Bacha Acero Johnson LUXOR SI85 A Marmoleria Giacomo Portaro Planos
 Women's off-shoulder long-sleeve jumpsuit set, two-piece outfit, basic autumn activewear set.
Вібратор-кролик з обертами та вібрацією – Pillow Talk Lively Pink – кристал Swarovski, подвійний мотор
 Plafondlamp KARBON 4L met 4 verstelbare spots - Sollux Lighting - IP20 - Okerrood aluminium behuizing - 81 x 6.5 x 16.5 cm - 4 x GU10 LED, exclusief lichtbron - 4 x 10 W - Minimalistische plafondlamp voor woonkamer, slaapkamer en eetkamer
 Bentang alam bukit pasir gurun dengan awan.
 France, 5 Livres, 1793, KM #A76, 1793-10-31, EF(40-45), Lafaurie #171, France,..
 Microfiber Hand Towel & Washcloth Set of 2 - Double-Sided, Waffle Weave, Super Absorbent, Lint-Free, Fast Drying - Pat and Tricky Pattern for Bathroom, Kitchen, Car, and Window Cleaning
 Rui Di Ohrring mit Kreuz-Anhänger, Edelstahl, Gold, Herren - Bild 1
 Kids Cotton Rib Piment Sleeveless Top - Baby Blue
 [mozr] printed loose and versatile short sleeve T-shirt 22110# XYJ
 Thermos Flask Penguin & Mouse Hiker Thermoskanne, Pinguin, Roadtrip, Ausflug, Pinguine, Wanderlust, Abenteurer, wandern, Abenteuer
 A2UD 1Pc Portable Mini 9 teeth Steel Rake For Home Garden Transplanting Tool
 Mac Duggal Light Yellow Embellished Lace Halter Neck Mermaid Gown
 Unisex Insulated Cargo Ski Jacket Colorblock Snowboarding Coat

**Task to carry out:**
Lines from the one with "Bentang alam bukit pasir gurun dengan awan." through the last line of the listing above: return these exactly, and nothing else.

**Written answer:**
 Bentang alam bukit pasir gurun dengan awan.
 France, 5 Livres, 1793, KM #A76, 1793-10-31, EF(40-45), Lafaurie #171, France,..
 Microfiber Hand Towel & Washcloth Set of 2 - Double-Sided, Waffle Weave, Super Absorbent, Lint-Free, Fast Drying - Pat and Tricky Pattern for Bathroom, Kitchen, Car, and Window Cleaning
 Rui Di Ohrring mit Kreuz-Anhänger, Edelstahl, Gold, Herren - Bild 1
 Kids Cotton Rib Piment Sleeveless Top - Baby Blue
 [mozr] printed loose and versatile short sleeve T-shirt 22110# XYJ
 Thermos Flask Penguin & Mouse Hiker Thermoskanne, Pinguin, Roadtrip, Ausflug, Pinguine, Wanderlust, Abenteurer, wandern, Abenteuer
 A2UD 1Pc Portable Mini 9 teeth Steel Rake For Home Garden Transplanting Tool
 Mac Duggal Light Yellow Embellished Lace Halter Neck Mermaid Gown
 Unisex Insulated Cargo Ski Jacket Colorblock Snowboarding Coat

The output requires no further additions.